Required action: Using the material below, print a verbatim copy of every line from the one containing "4S3BNAC63J3006651 Subaru Legacy 2.5i Premium" through the one containing "商品Tumi|TUMI Alpha Slim", inclusive, and omit the pictures.

==========

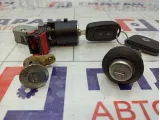 Замок зажигания Renault Logan 2 487004438R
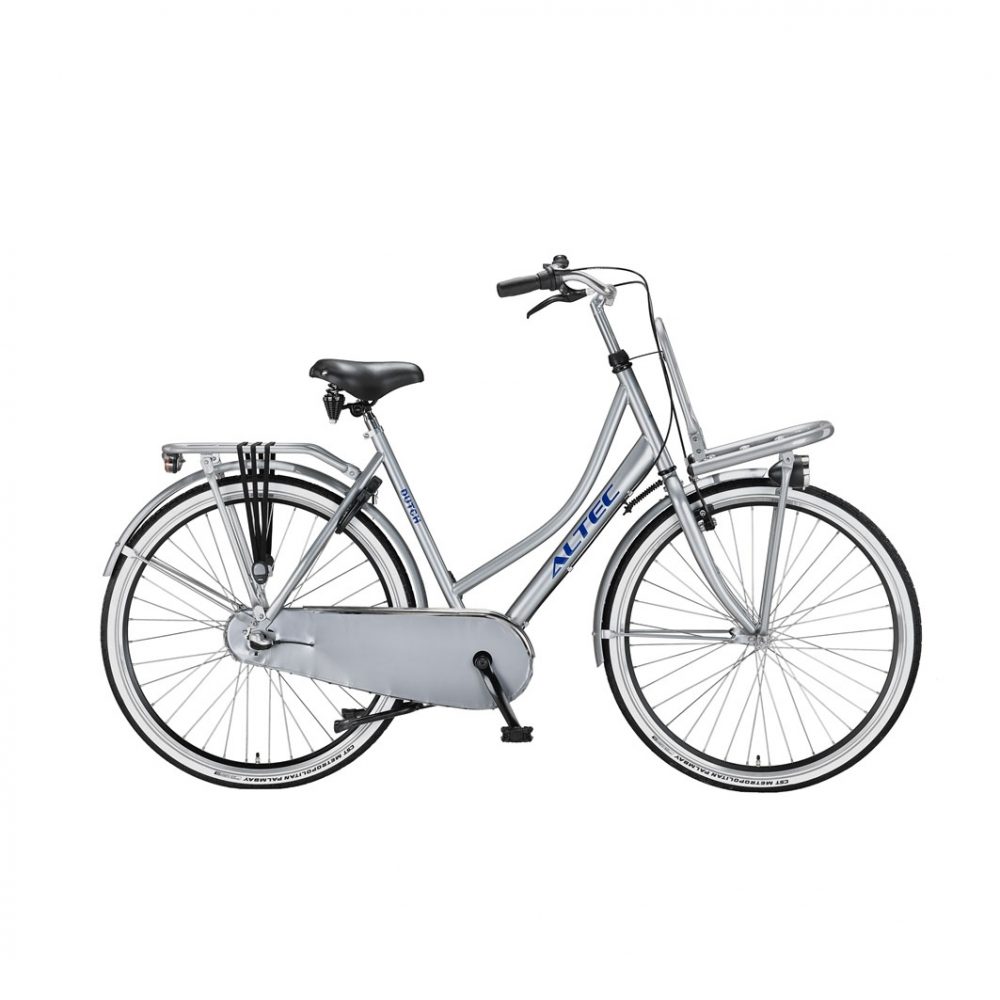 Altec-Dutch-28-inch-Transportfiets-Stain-Silver-50-cm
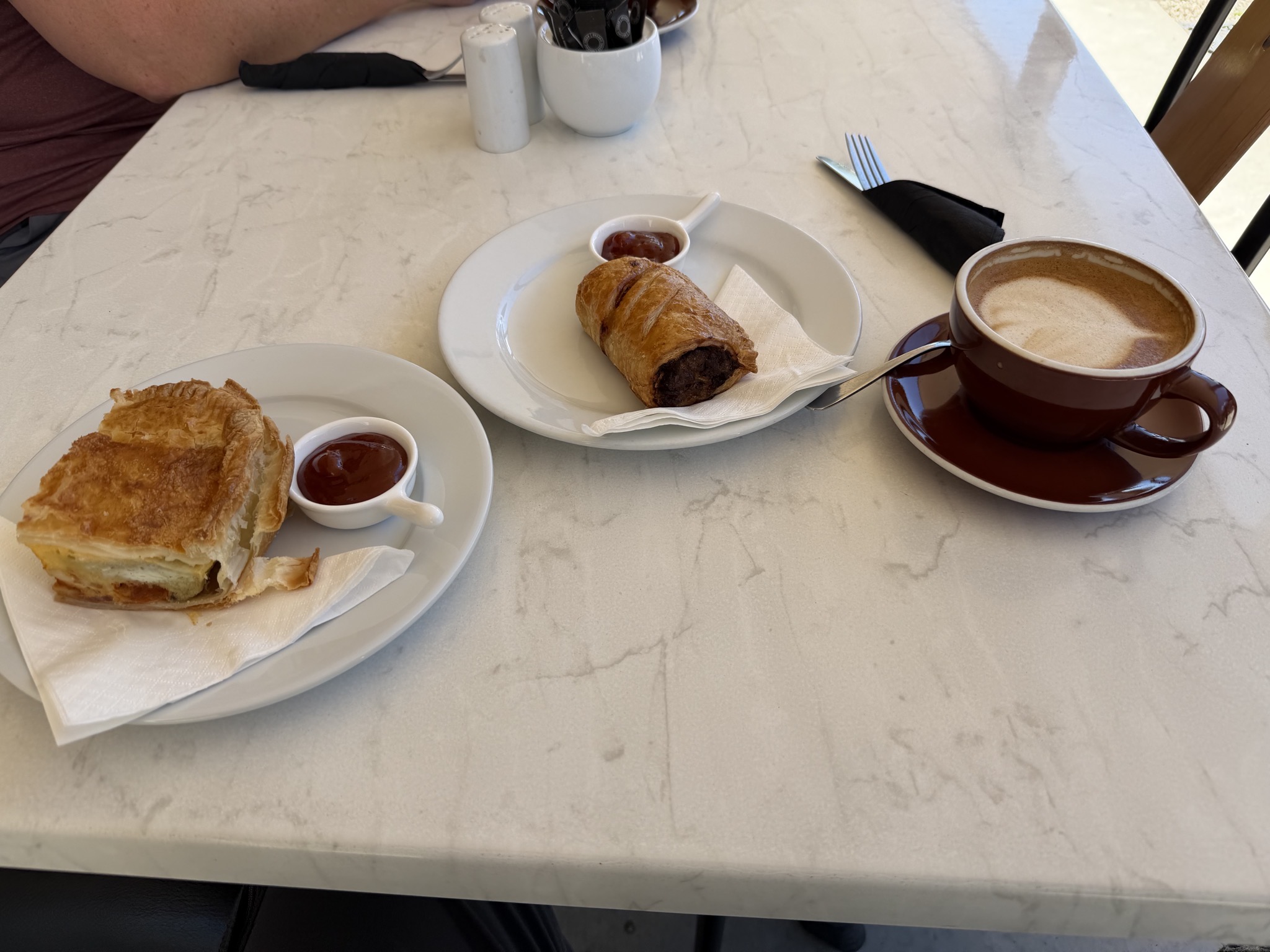 Flat Rock Cafe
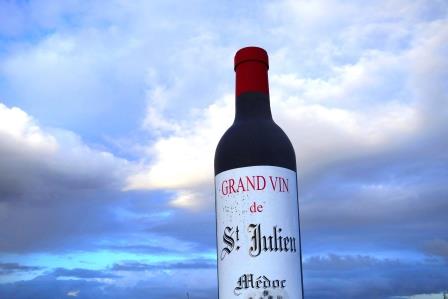 Learn about St Julien Bordeaux Best Wines Chateaux Vineyards Character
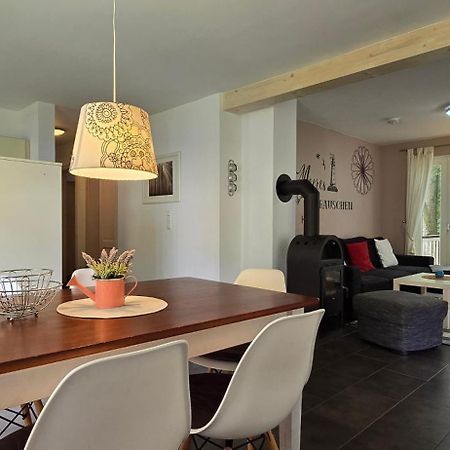 Ferienwohnung W 4 0 N غرال موريتز المظهر الخارجي الصورة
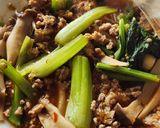 カロパご飯☆1品でバランス良い☆忙しい方作り方1写真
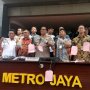 Baru 4 Hari Dibentuk, Tim Bandit Polda Metro Ringkus 186 Penjahat Jalanan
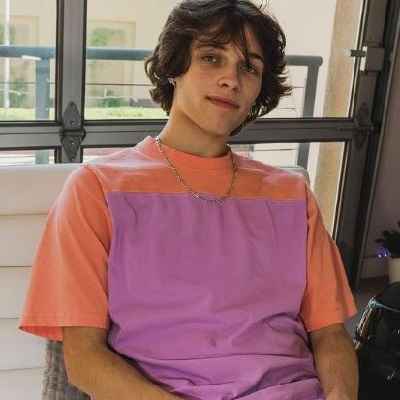 Christopher Sturniolo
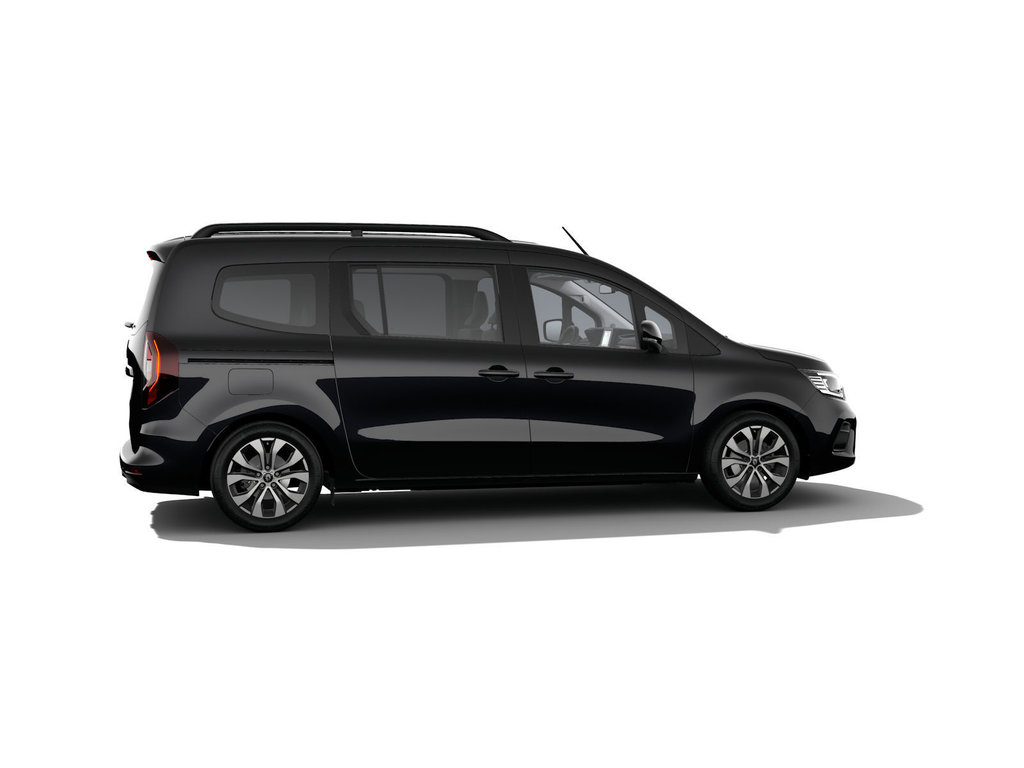 RENAULT Kangoo PKW Techno TCe 130 EDC (L2) RENAULT Kangoo PKW Techno TCe 130 EDC (L2)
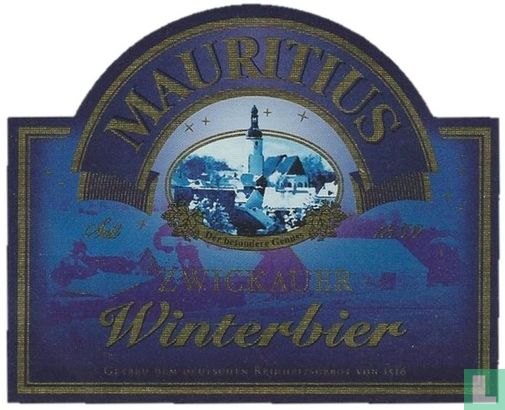 Winterbier - Afbeelding 1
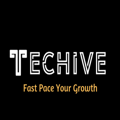 Techive online Solutions Logo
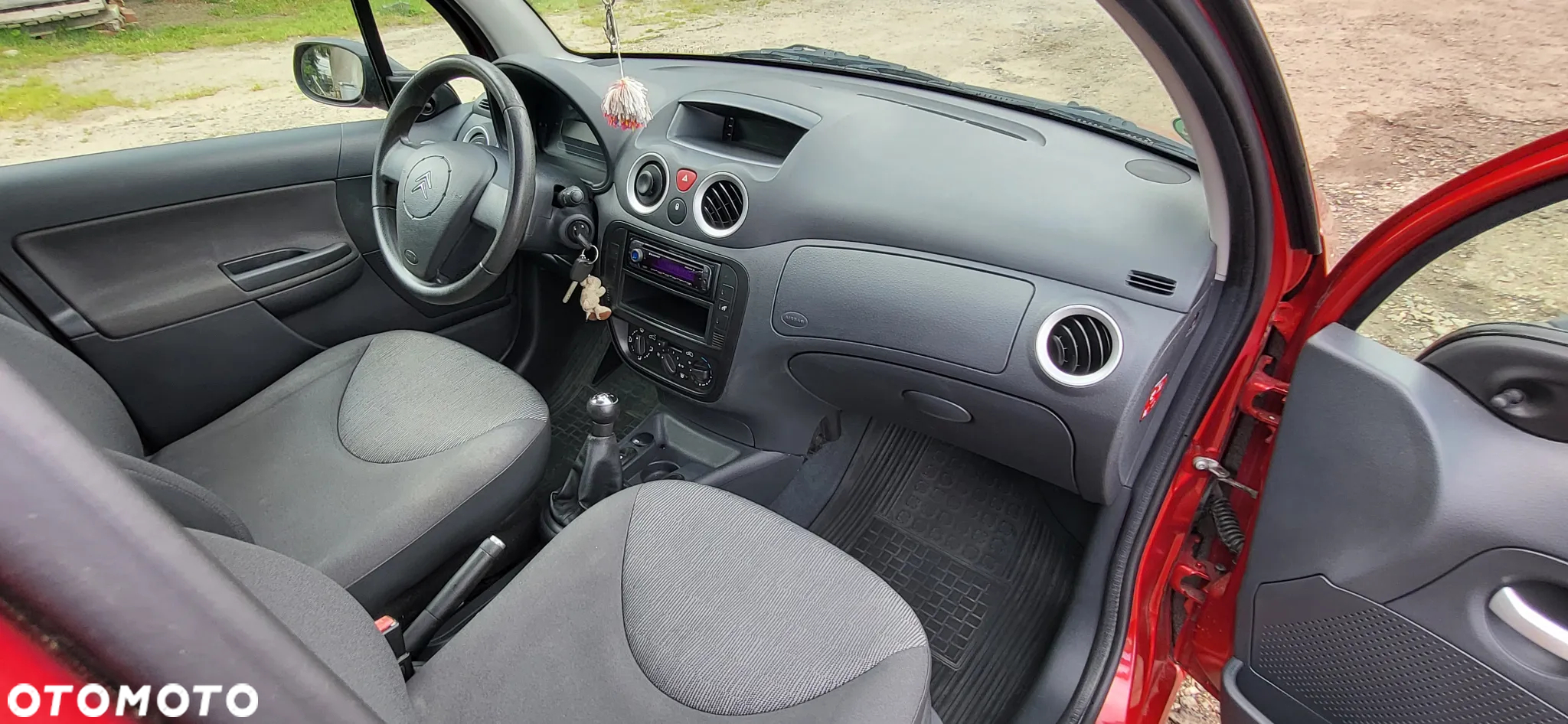 Citroën C3 - 5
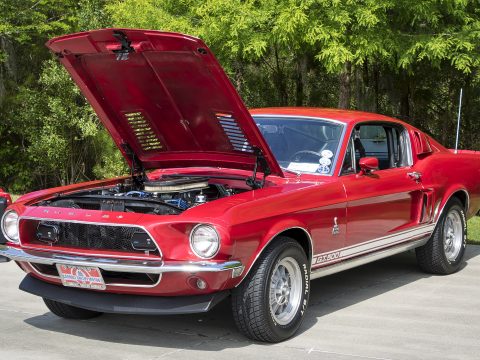 Memorial Weekend Car Show 2026 photo 36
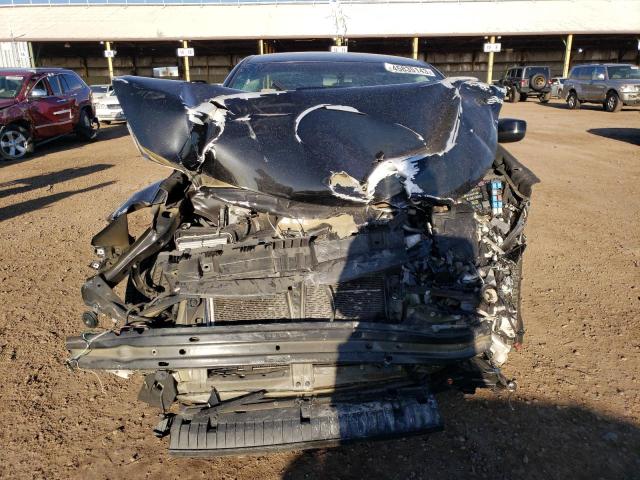 4S3BNAC63J3006651 Subaru Legacy 2.5i Premium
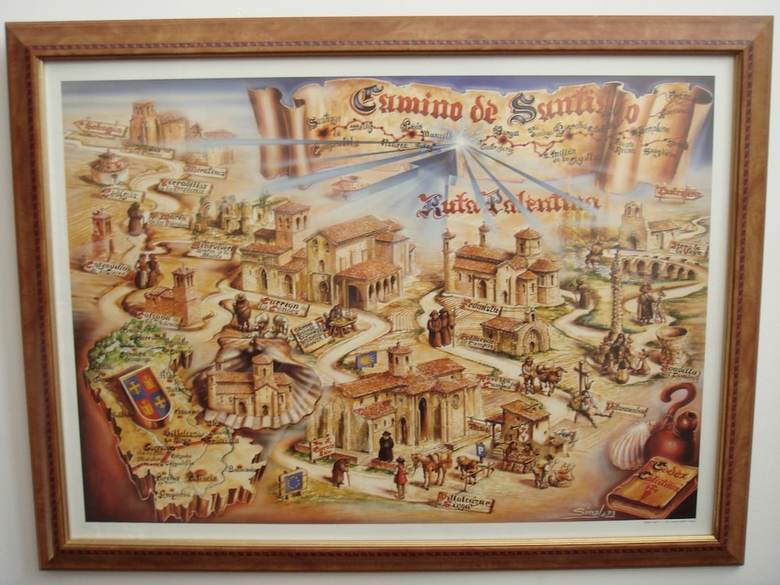 Hostal Las Cantigas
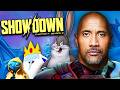 Fortnite Chapter 7 Season 2: Consumed by Chaos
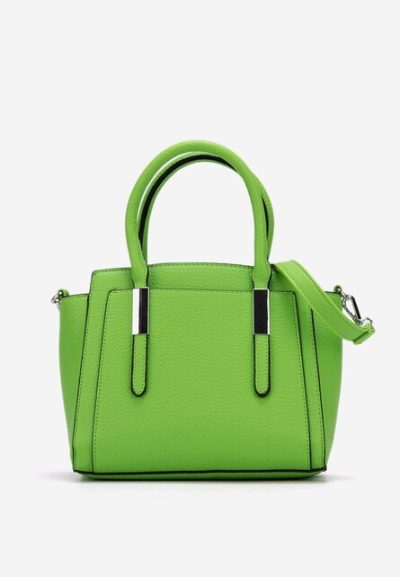 Geanta de umar Abbygale V4 verde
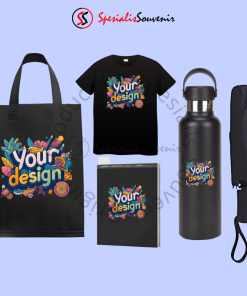 Paket E Seminar Kit Custom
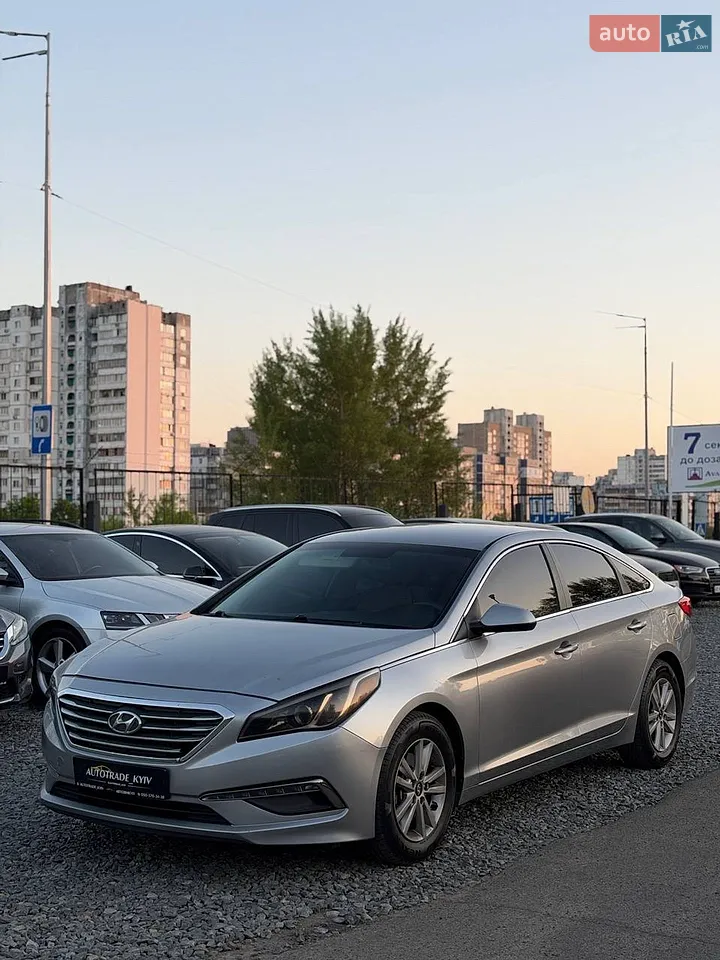 2015 Audi A3 - мініатюра 11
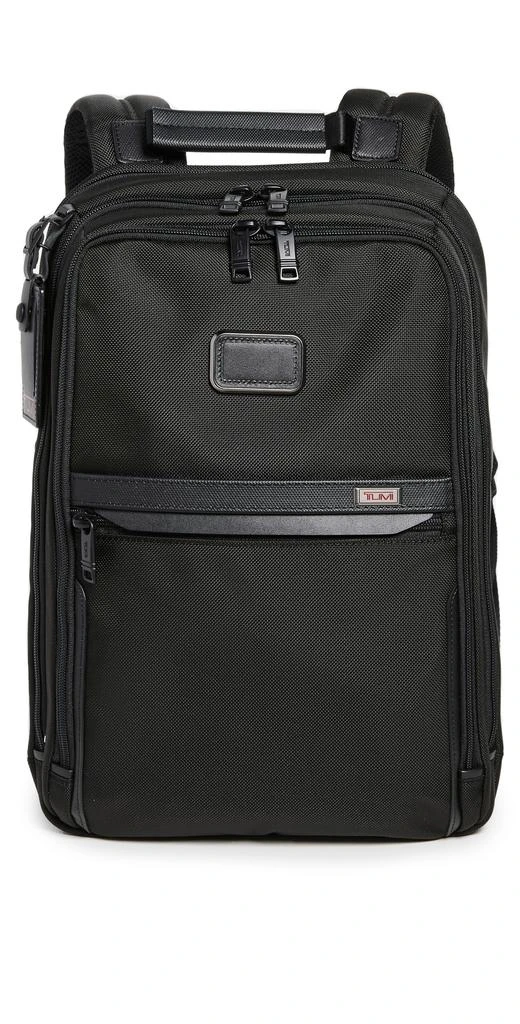 商品Tumi|TUMI Alpha Slim Backpack,价格¥3808,第1张图片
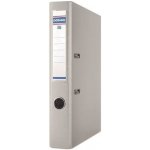 Donau Rainbow pákový pořadač A4 5 cm šedý – Sleviste.cz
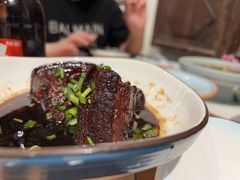 红烧肉-椿不老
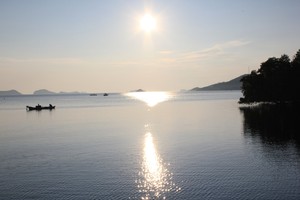 Ngeriung di 17 Pulau Riung,NTT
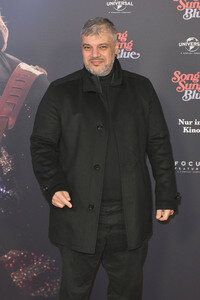 Filmpremiere 'Song Sung Blue' in Berlin
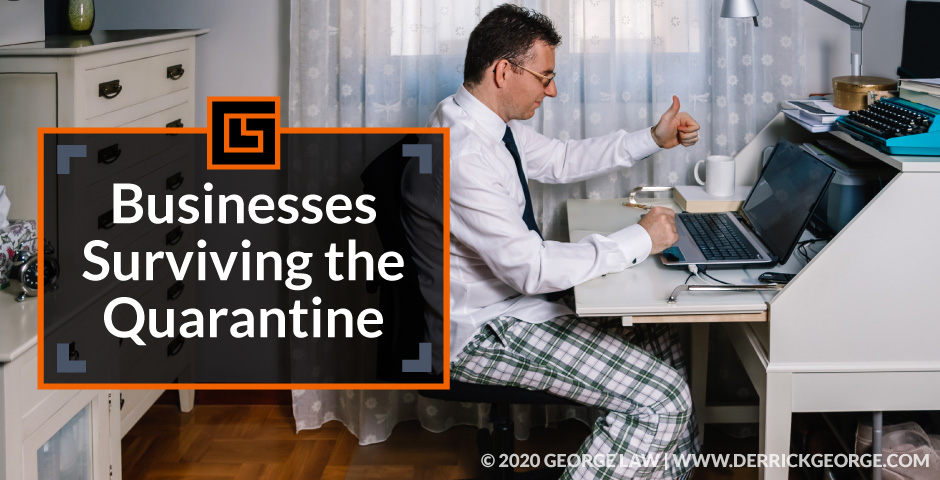 businesses surviving the quarantine blog img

==========

Output:
 4S3BNAC63J3006651 Subaru Legacy 2.5i Premium
 Hostal Las Cantigas
 Fortnite Chapter 7 Season 2: Consumed by Chaos
 Geanta de umar Abbygale V4 verde
 Paket E Seminar Kit Custom
 2015 Audi A3 - мініатюра 11
 商品Tumi|TUMI Alpha Slim Backpack,价格¥3808,第1张图片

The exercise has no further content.